The control unit will use the inputs for INSTRUCTION, START, RESET, CLK, and the datapath status bits V, N, C, and Z. The control unit will have outputs for READY, MW, CONSTANT_OUT, and the datapath control word.
The primary components of the control unit are a control store and the control address register (CAR). The control store is a ROM containing the microinstructions for the control unit. These microinstructions determine the sequence of microoperations performed by the data unit. The CAR contains an address that is used as the input to the control store to select the “current" microinstruction. The logic that generates the data and load signals for the CAR controls the sequencing of the control unit microinstructions.
The architects for this system have defined the IDLE state to be the state in which CAR = x00. When CAR contains the value x00, READY should be asserted and the control unit should begin the processing of a new instruction when START is asserted. The microroutine for each instruction will begin at address OPCODE(7:4)0000 (i.e. The microprogram for the instruction with opcode E should begin at control store address xE0, where the opcode value is taken from the 4 most significant bits of the Instruction).
The architects for this system have determined that this computer will use a 256-address control store and have defined two classes of microinstruction. Each class of microinstruction will decode the microinstruction fields in a different way. This is advantageous as it decreases the number of bits required for each microinstruction (and therefore decreases the necessary size of the ROM). The MSB of the microinstruction (bit 15) will be used as a MODE bit to indicate the type of instruction and aid in the decoding.
The first class of microinstruction will be used to control the datapath by determining the control signals outputs of the unit. In addition, the LSB of the microinstruction (MW: Memory Write) will be used to control the Write Enable output of the control unit .

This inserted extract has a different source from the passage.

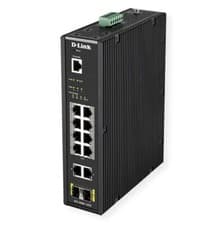 Image of D-Link DIS 200G-12PS Switch Managed 10 x 10/100/1000 (8 PoE+) + 2 DIS-200G-12PS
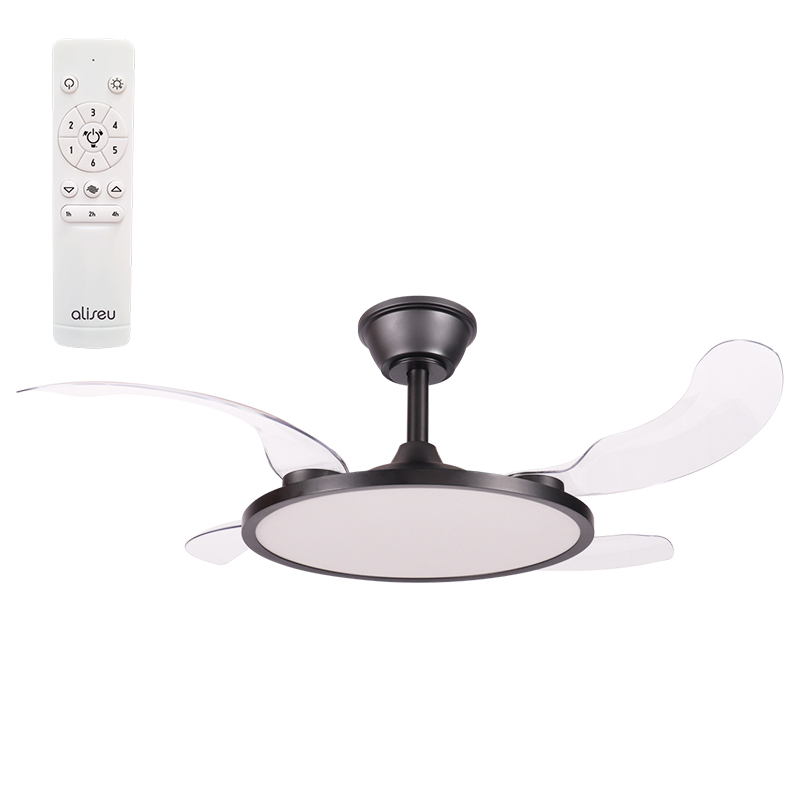 Ventilador de Teto Aliseu Cosmos Preto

The second class of microinstruction will be branch instructions used to perform the explicit sequencing of the control unit. The branch microinstruction consists of two fields. The first is a 3-bit field CONDITION and the second is a 8-bit field NEXT_ADDRESS (note that this is sufficient to select any address in the control store). If the condition specified by CONDITION is true then the microinstruction at NEXT_ADDRESS must be executed next (CAR ß NEXT_ADDRESS) otherwise the next microinstruction is implicitly chosen (CAR ß CAR + 1).